▶ _TASK DIRECTIONS_
All of the data is to be written out again exactly, without the pictures.

== Segment start ==

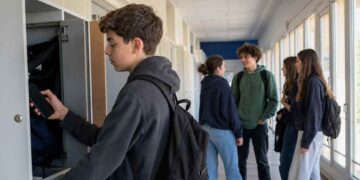 Prohibición de redes sociales en Francia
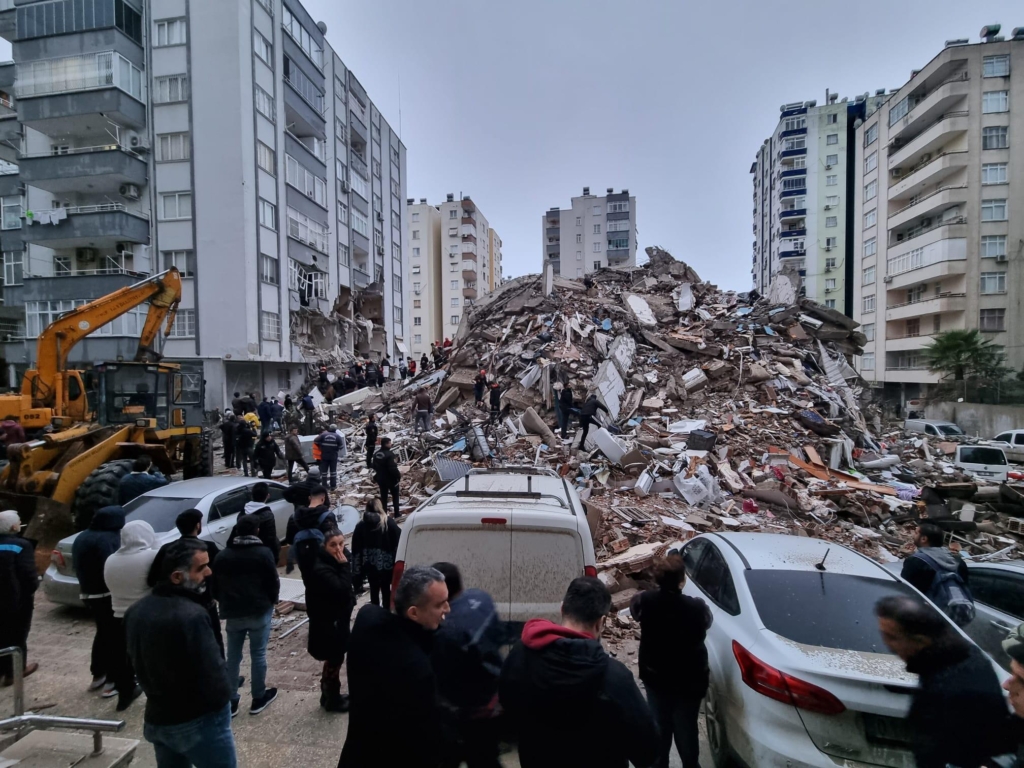 16.-gun!-depremde-olu-sayisi-ne-kadar-oldu,-guncel-yarali-sayisi-kac?-hangi-ilde-kac-bina-yikildi,-kac-kisi-oldu?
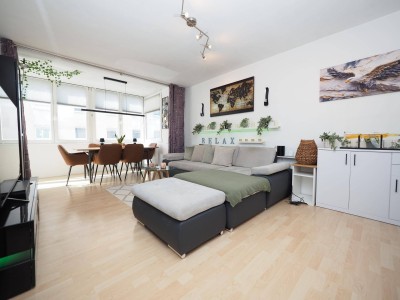 Charmante 2-Zimmer Wohnung – „City Flair“ mit separater Küche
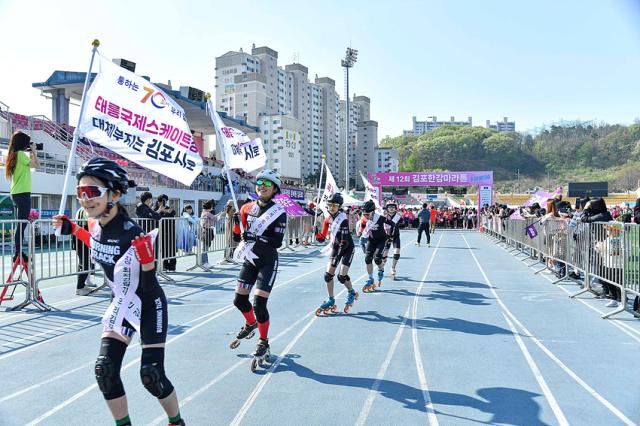 NSP통신-제12회 김포한강마라톤 대회에서 태릉국제스케이트장을 김포로 유치하자는 캠페인을 진행하고 있는 모습. (사진 = 김포시)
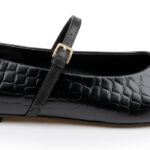 Black Flat - Angle View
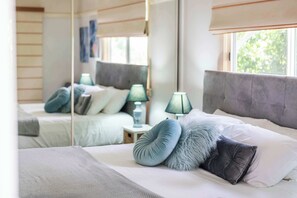 4 bedrooms, WiFi, bed sheets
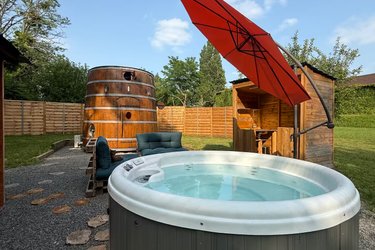 Foudre Viticole d’Arpaillan & Spa privatif à Naujan Et Postiac (1)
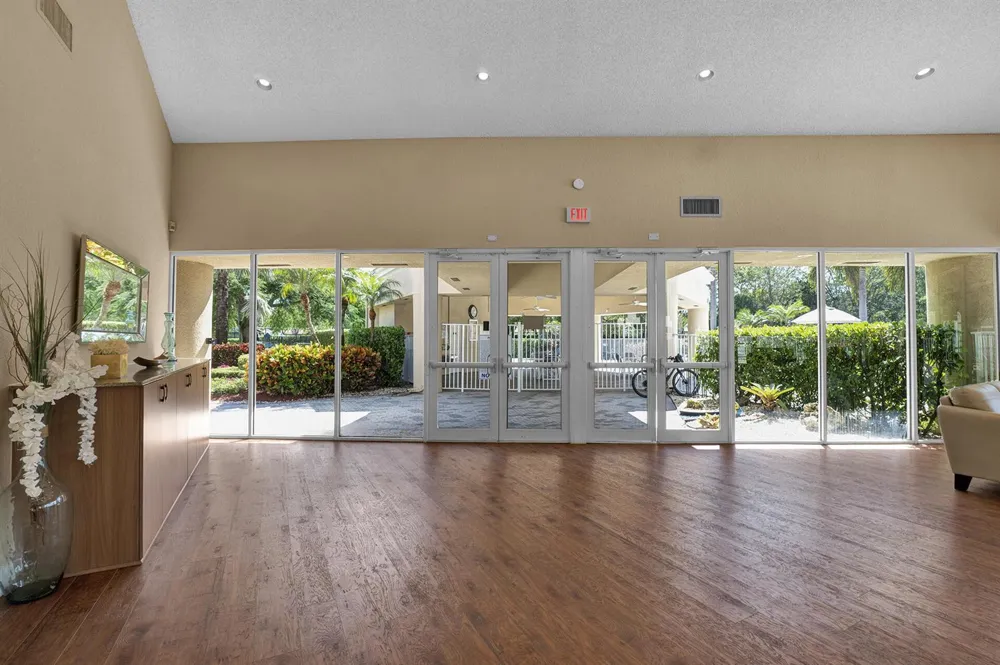 8255 Via Bella Boca Raton, FL 33496
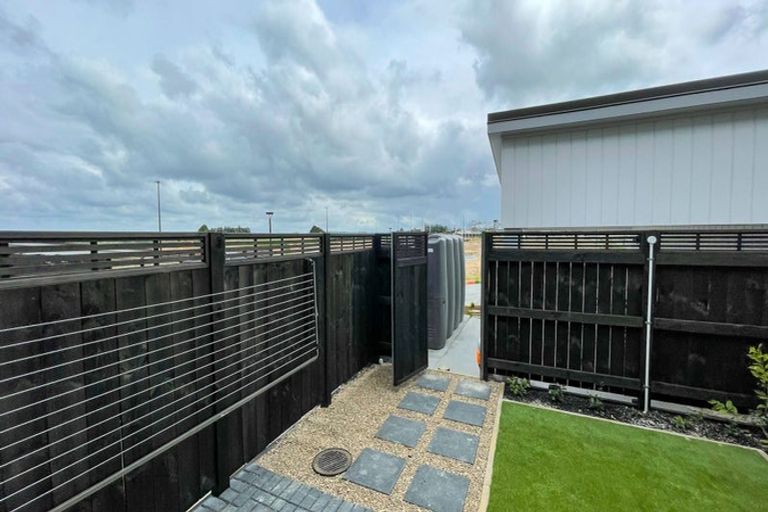 Photo of property in 78 Manarini Road, Westgate, Auckland, 0614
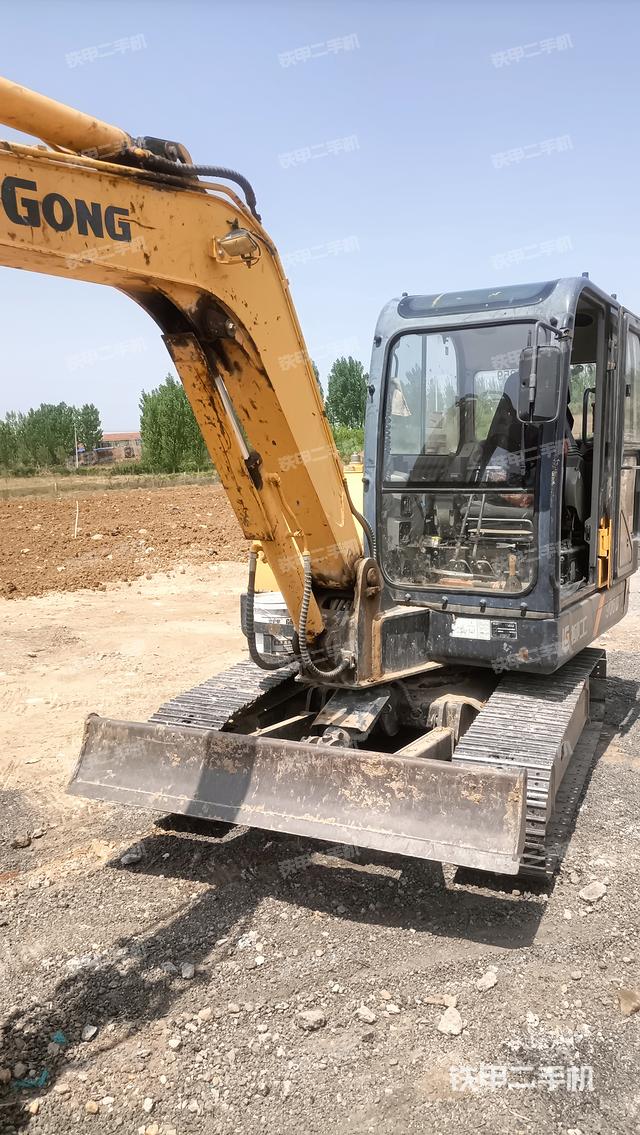 柳工CLG906D挖掘机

== Segment end ==

▶ _RESULT OF THIS TASK_
 Prohibición de redes sociales en Francia
 16.-gun!-depremde-olu-sayisi-ne-kadar-oldu,-guncel-yarali-sayisi-kac?-hangi-ilde-kac-bina-yikildi,-kac-kisi-oldu?
 Charmante 2-Zimmer Wohnung – „City Flair“ mit separater Küche
 NSP통신-제12회 김포한강마라톤 대회에서 태릉국제스케이트장을 김포로 유치하자는 캠페인을 진행하고 있는 모습. (사진 = 김포시)
 Black Flat - Angle View
 4 bedrooms, WiFi, bed sheets
 Foudre Viticole d’Arpaillan & Spa privatif à Naujan Et Postiac (1)
 8255 Via Bella Boca Raton, FL 33496
 Photo of property in 78 Manarini Road, Westgate, Auckland, 0614
 柳工CLG906D挖掘机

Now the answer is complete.